Instructions to follow -> Print each line from the start of the records below up through the line where "Bright red Pohutukawa tree flowers in bloom" is found, exactly as given.

Short text fragments from websites ->
★ ★ ★ ★ ★ ★ ★
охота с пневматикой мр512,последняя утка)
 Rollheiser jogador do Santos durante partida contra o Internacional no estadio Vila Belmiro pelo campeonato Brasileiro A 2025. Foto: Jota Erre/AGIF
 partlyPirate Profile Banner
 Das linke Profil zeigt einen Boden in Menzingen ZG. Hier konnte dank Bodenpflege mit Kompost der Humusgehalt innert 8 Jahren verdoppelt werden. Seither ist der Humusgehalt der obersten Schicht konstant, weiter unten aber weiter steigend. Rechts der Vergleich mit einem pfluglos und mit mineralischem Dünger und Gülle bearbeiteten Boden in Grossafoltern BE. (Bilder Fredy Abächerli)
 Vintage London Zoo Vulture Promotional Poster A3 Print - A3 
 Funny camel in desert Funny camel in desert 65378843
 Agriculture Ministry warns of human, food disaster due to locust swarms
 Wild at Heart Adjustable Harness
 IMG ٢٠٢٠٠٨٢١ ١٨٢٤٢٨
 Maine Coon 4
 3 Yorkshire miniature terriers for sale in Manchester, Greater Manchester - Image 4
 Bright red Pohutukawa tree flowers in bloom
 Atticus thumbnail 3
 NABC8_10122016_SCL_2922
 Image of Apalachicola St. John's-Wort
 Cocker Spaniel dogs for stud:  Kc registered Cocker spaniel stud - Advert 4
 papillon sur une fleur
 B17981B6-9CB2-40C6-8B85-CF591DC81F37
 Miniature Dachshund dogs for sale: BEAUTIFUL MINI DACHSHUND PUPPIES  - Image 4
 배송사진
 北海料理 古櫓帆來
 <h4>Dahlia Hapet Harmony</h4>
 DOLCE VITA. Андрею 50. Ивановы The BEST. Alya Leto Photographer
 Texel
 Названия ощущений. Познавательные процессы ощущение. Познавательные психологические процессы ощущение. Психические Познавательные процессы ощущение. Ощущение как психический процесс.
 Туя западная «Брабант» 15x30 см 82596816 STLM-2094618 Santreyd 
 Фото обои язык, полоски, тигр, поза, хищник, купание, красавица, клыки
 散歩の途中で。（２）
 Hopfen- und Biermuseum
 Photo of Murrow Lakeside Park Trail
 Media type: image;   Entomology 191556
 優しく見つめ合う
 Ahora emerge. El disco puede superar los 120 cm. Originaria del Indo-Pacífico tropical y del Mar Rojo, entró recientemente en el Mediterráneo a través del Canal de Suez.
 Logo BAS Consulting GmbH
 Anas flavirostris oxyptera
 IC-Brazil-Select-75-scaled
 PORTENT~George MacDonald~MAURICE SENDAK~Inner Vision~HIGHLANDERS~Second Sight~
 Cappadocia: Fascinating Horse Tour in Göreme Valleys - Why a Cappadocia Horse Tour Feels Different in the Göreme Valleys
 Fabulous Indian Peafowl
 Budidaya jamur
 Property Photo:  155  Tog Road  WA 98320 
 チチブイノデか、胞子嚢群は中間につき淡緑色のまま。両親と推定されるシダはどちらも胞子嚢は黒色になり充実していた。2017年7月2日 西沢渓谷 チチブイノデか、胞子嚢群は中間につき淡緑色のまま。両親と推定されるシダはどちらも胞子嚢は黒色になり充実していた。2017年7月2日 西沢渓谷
★ ★ ★ ★ ★ ★ ★
Expected answer ->
охота с пневматикой мр512,последняя утка)
 Rollheiser jogador do Santos durante partida contra o Internacional no estadio Vila Belmiro pelo campeonato Brasileiro A 2025. Foto: Jota Erre/AGIF
 partlyPirate Profile Banner
 Das linke Profil zeigt einen Boden in Menzingen ZG. Hier konnte dank Bodenpflege mit Kompost der Humusgehalt innert 8 Jahren verdoppelt werden. Seither ist der Humusgehalt der obersten Schicht konstant, weiter unten aber weiter steigend. Rechts der Vergleich mit einem pfluglos und mit mineralischem Dünger und Gülle bearbeiteten Boden in Grossafoltern BE. (Bilder Fredy Abächerli)
 Vintage London Zoo Vulture Promotional Poster A3 Print - A3 
 Funny camel in desert Funny camel in desert 65378843
 Agriculture Ministry warns of human, food disaster due to locust swarms
 Wild at Heart Adjustable Harness
 IMG ٢٠٢٠٠٨٢١ ١٨٢٤٢٨
 Maine Coon 4
 3 Yorkshire miniature terriers for sale in Manchester, Greater Manchester - Image 4
 Bright red Pohutukawa tree flowers in bloom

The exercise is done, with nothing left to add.